The O’Brien Banshee

I would also claim that I heard the Banshee myself. I remember it vividly the night that it happened. My father was with me as well. We’d gone to the shop to get some flour or something for my mother. It was a nice pleasant evening in April. When we left home it was still clear and he finished work at about seven o’clock but we walked to the town about a mile down the road. On the way back it was getting dark but the evening had turned into a lovely night.

I remember quite well when we were coming to this spot at a place called Cassy O’Brien’s and there the both of us stopped at the same time and started looking around. Now I could hear a cat and I presumed he was looking for the same cat. But we couldn’t see any cat. It was like a cat but in another way it wasn’t like a cat. We walked on and as we reached the top of the road we heard more cats crying.

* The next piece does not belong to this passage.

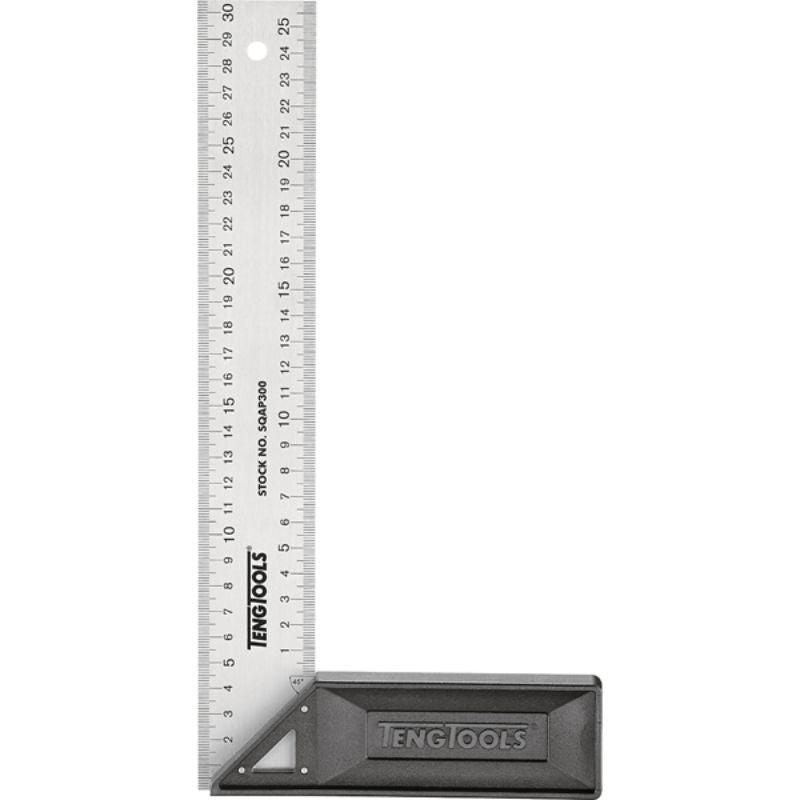 Teng Plastic Stock Set Square 250mm with stainless steel blade, fibreglass frame, and deep etched markings for precise drafting.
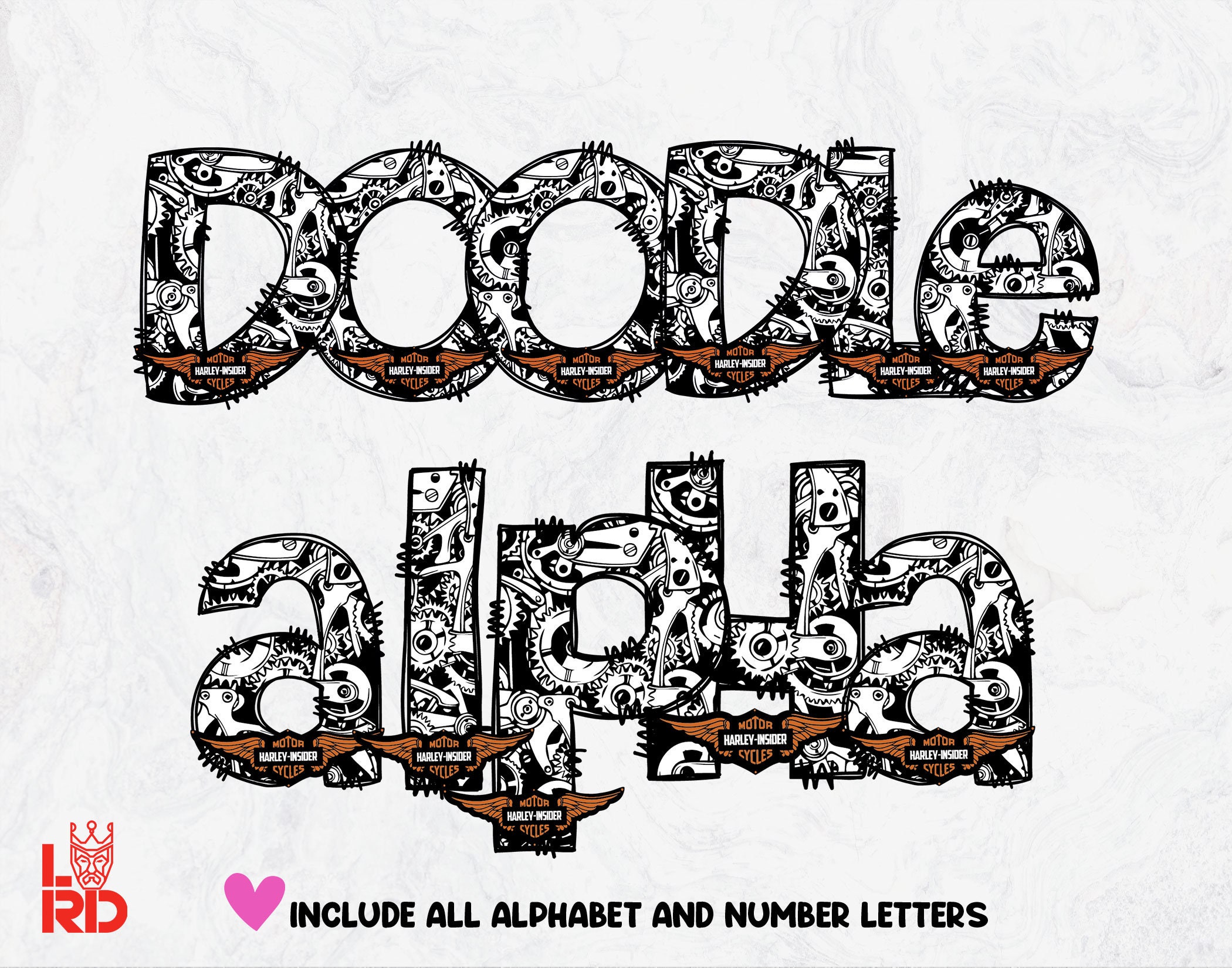 Harley Davidson Doodle Letters, Motorcycle Alphabet, Hand Drawn ...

I was eating dolly mixtures that the man in the shop had given to me, about ten dolly mixtures in the bottom of a wee paper bag. I was eating them and listening to these cats as I walked along chatting to my father, but whatever it was, the sound got louder and louder, like a thousand cats wailing together. I dropped the bag of sweets to cover my ears and my father must have been anxious too because he put his hand on my shoulder and ran the rest of the way with me in front of him.

We got home and didn’t mention anything of it to my mother but the next morning we heard that Cassy O’Brien’s aunt who lived a bit over the way had died.
I’ll always believe that it was the Banshee, whatever anybody says to the contrary.